→ Work to be completed
Print the line where "summary of patents for Carl Zeiss Microscopy" occurs and every line that follows it in the data below, ending with the last line, precisely as written.

→ Supplied records
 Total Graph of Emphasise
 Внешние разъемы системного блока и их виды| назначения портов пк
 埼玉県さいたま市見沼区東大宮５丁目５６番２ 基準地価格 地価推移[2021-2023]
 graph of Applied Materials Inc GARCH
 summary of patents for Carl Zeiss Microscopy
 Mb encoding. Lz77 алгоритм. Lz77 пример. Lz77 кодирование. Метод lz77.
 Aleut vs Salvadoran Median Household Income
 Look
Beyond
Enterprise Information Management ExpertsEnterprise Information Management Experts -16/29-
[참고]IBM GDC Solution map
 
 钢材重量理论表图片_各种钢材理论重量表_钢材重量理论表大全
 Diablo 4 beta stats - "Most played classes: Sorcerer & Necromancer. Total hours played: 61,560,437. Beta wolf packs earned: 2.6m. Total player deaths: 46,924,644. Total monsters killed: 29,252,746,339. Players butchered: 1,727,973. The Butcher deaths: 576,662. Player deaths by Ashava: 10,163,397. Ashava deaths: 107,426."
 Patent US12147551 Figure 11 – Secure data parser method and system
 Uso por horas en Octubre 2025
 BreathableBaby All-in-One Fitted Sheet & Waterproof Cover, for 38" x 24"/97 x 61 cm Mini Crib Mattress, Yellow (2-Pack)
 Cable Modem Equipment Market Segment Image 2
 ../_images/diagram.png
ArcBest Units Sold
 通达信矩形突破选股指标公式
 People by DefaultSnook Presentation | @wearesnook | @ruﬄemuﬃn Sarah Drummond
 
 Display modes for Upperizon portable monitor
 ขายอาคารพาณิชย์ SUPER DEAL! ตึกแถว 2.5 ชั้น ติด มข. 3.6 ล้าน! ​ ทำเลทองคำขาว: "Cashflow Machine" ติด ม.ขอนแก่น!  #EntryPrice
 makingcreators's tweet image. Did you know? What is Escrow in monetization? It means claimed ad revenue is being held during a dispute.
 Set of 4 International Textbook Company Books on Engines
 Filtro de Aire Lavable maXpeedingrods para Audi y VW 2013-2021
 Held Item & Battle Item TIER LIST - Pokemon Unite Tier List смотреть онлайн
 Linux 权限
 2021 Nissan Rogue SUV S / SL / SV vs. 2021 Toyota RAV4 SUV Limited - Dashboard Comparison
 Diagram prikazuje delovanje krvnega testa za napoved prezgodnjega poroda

→ Exercise answer
 summary of patents for Carl Zeiss Microscopy
 Mb encoding. Lz77 алгоритм. Lz77 пример. Lz77 кодирование. Метод lz77.
 Aleut vs Salvadoran Median Household Income
 Look
Beyond
Enterprise Information Management ExpertsEnterprise Information Management Experts -16/29-
[참고]IBM GDC Solution map
 
 钢材重量理论表图片_各种钢材理论重量表_钢材重量理论表大全
 Diablo 4 beta stats - "Most played classes: Sorcerer & Necromancer. Total hours played: 61,560,437. Beta wolf packs earned: 2.6m. Total player deaths: 46,924,644. Total monsters killed: 29,252,746,339. Players butchered: 1,727,973. The Butcher deaths: 576,662. Player deaths by Ashava: 10,163,397. Ashava deaths: 107,426."
 Patent US12147551 Figure 11 – Secure data parser method and system
 Uso por horas en Octubre 2025
 BreathableBaby All-in-One Fitted Sheet & Waterproof Cover, for 38" x 24"/97 x 61 cm Mini Crib Mattress, Yellow (2-Pack)
 Cable Modem Equipment Market Segment Image 2
 ../_images/diagram.png
ArcBest Units Sold
 通达信矩形突破选股指标公式
 People by DefaultSnook Presentation | @wearesnook | @ruﬄemuﬃn Sarah Drummond
 
 Display modes for Upperizon portable monitor
 ขายอาคารพาณิชย์ SUPER DEAL! ตึกแถว 2.5 ชั้น ติด มข. 3.6 ล้าน! ​ ทำเลทองคำขาว: "Cashflow Machine" ติด ม.ขอนแก่น!  #EntryPrice
 makingcreators's tweet image. Did you know? What is Escrow in monetization? It means claimed ad revenue is being held during a dispute.
 Set of 4 International Textbook Company Books on Engines
 Filtro de Aire Lavable maXpeedingrods para Audi y VW 2013-2021
 Held Item & Battle Item TIER LIST - Pokemon Unite Tier List смотреть онлайн
 Linux 权限
 2021 Nissan Rogue SUV S / SL / SV vs. 2021 Toyota RAV4 SUV Limited - Dashboard Comparison
 Diagram prikazuje delovanje krvnega testa za napoved prezgodnjega poroda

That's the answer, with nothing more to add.